The discussion of this argument added a further wrinkle: Do we know by which attributes children elect to self-identify and are those the same attributes which serve as the focus among adults? More critically, at what ages do children become aware of gender, race, class, etc. and are those ever the attributes by which they electively identify themselves (and the characters about whom they read)?

The answers provided so far are:
1) No, there is no study which has sought to quantify the nature and degree of possible over and underrepresentation of different groups in children’s literature. We do not know which, if any, groups are over or underrepresented, nor do we know by what degree.

2) No, there is no empirical evidence that over or underrepresentation in terms of traditional attributes of race, class, culture, gender or orientation have any measurable impact on life outcomes.

3) No, there is no empirical research that identifies the literary characters with whom children identify nor is there any research that identifies which of those character’s key attributes are the cause of children identifying with them.

4) No, there is no evidence that the publishing industry (agents, editors, etc.) are actively discriminating against any class of author or type of book for any reasons other than assessed commercial viability.
Despite the absence of any empirical evidence supporting the initial argument, there are logical and anecdotal reasons to accept or reject each of the four elements of the argument.
1. Over and underrepresentation – Likely true. There is representational variation in all other fields of endeavor with certain fields dominated by one gender or the other, members of one ethnic group or another, class, etc. Applying Ockham’s Razor, it is logical and reasonable to assume that there is also disparate representation in the field of children’s literature. By which groups and to what degree remains unknown.

2. Life Outcomes – Likely false. The assumption that representation in children’s literature is a necessary element to good life outcomes is refuted by the positive sociological metrics of various recent emigrant groups (Nigerians, Koreans, Haitians, Dominicans, sub-continental Indians, etc.) who, by their recentness of arrival, are completely or substantially underrepresented and yet still achieve positive to greater than average outcomes. The research of Anda, Felitti, et al also provides a sense of proportionality. Their research indicates that major childhood traumas (parental divorce, sexual abuse, battered parent, etc.) does have a reliably predicative element of future negative life outcomes (job problems, financial problems, absenteeism, etc.). However, the overall effect is often much less than one might anticipate. For example, children who have suffered sexual abuse as a child do have a 40% greater probability of having job problems as an adult. However, in absolute terms the overall incident rate of job problems for all adults is only 11.4%. Of adults who did not suffer childhood sexual abuse, 10.6% end up having job problems anyway, versus 14.4% of those who did suffer sexual abuse.
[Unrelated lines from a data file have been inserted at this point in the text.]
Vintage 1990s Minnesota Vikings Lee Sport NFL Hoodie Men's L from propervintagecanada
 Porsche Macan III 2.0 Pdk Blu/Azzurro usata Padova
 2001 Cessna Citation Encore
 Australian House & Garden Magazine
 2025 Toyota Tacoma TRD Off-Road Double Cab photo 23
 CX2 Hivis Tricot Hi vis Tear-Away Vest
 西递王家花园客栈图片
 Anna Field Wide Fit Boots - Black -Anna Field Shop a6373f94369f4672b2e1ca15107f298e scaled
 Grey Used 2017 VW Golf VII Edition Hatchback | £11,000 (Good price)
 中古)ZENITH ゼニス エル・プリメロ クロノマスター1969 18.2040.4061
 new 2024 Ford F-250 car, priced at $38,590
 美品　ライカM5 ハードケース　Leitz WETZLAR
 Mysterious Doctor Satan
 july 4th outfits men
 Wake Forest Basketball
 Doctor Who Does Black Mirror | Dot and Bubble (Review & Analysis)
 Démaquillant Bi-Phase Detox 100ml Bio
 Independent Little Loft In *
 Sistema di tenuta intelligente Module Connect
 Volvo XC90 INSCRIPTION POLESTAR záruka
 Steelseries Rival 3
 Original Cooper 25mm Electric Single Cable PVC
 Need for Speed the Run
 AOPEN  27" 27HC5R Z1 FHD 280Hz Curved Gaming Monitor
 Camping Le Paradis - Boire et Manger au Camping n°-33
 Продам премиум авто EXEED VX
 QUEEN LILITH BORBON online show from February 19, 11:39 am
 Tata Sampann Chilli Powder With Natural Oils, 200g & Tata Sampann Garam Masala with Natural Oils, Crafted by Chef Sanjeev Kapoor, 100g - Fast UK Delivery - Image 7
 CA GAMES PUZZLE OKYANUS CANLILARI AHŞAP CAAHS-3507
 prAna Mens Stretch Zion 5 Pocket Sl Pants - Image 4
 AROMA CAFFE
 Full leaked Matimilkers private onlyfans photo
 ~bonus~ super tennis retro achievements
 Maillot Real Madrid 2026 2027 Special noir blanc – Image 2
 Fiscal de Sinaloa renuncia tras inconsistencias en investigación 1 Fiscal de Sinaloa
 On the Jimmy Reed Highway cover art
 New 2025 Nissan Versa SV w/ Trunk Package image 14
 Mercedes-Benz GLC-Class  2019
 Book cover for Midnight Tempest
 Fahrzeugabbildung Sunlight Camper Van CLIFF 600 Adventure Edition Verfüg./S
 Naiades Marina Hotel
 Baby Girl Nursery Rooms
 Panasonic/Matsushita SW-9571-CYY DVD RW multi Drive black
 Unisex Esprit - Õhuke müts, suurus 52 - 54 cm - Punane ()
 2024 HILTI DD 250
This is not to discount the gravity of the original tragedy but to put it into numerical perspective. If such grave adverse childhood experiences as abuse, battery, divorce, etc. have a real and measurable impact but at a rate much lower than expected, is it likely that the issue of representation in books does have any predictive negative impact? Possible but not particularly likely.

3. Traditional attributes as identities by which children define themselves and identify with protagonists – Likely false but debatable. Attributes of self-identity is highly variable between cultures, among individuals, and over time. In addition, there is evidence that children’s capacity to distinguish by key demographical attributes is not inherent but an emergent skill. Some capabilities to distinguish attributes appear to emerge relatively late in childhood development. Additionally, while there is little empirical evidence that children reliably identify with protagonists by such traditional attributes (race, class, culture, gender, etc.), there is a fair amount of evidence that the identification/affiliation children do form is situational in nature rather than demographical. In other words, a shared situational issue such as first day at school, bullying, isolation, moral quandary, etc. trumps demographic attributes such as race or gender in terms of a child’s affiliation with the protagonist or character.

4. Publishing industry bias – Likely false. While it is accepted and is likely true that middle class, white, females are disproportionately overrepresented in the book publishing industry, it is also true that occasional surveys of media also indicate an overwhelming self-identification as liberal or registered Democrat, groupings usually associated with an explicit rejection of discriminatory practices and affirmative sympathy for underprivileged and underrepresented groups. This cannot be a refutation of the argument for unconscious bias but it makes it less likely to be accurate.
This essay is an attempt to produce a provisional answer for only the first and fourth items – Are different racial/ethnic groups over and underrepresented in children’s literature and can that be attributed to flaws in the nature of the publishing industry.

The answer, as always in sociological issues, is nuanced.

The analysis requires that we know several pieces of information. 1) What is the ethnic distribution in the US? This was obtained from the 2011 US Census.

Table 1: Percentage of the Population (US 2011 Census)

Caucasian 63.7%
African-American 12.6%
Asian 4.8%
Hispanic 16.4%
Native American 0.9%

Next, we need to know what percentage of each of those populations electively read each year. This was obtained from the National Endowment of the Arts report, Reading At Risk.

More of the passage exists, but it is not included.